Image-caption web data:
▬▬▬▬▬▬
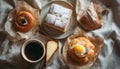 Flat Lay of Assorted Pastries with Coffee and Napkin on White Background Royalty Free Stock Photo
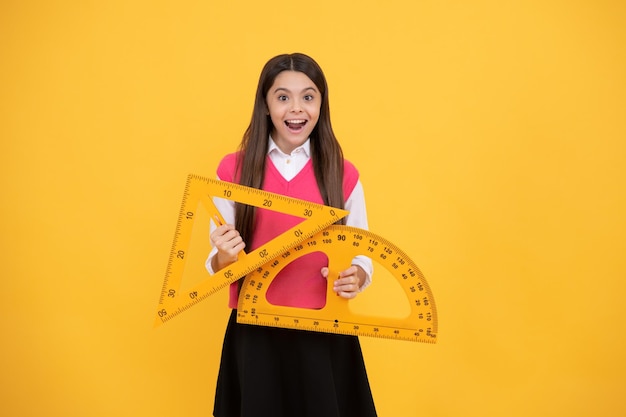 Modern education concept concept of education measure the angle child with triangle amazed teen girl hold protractor ruler back to school algebra and geometry kid study math stem disciplines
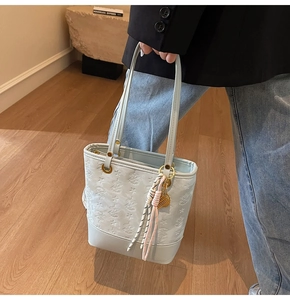 Detail of light blue embossed bucket bag with star patterns and woven pendant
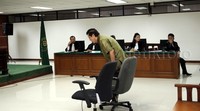 Willy menghadiri sidang vonis di Pengadilan Tipikor, Jakarta.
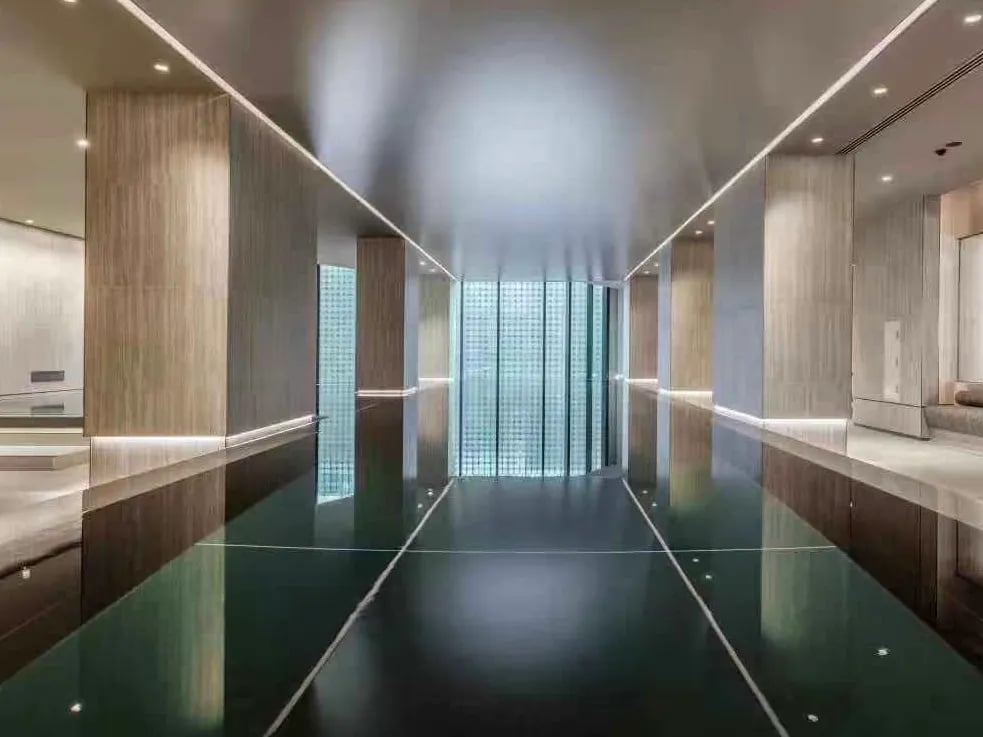 Glossy indoor swimming pool with wood paneling and glass walls. at Belong Melbourne CBD in Melbourne Student Accommodation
▬▬▬▬▬▬
Your task is a word-for-word transcription of the entries, leaving out all pictures.

 Flat Lay of Assorted Pastries with Coffee and Napkin on White Background Royalty Free Stock Photo
 Modern education concept concept of education measure the angle child with triangle amazed teen girl hold protractor ruler back to school algebra and geometry kid study math stem disciplines
 Detail of light blue embossed bucket bag with star patterns and woven pendant
 Willy menghadiri sidang vonis di Pengadilan Tipikor, Jakarta.
 Glossy indoor swimming pool with wood paneling and glass walls. at Belong Melbourne CBD in Melbourne Student Accommodation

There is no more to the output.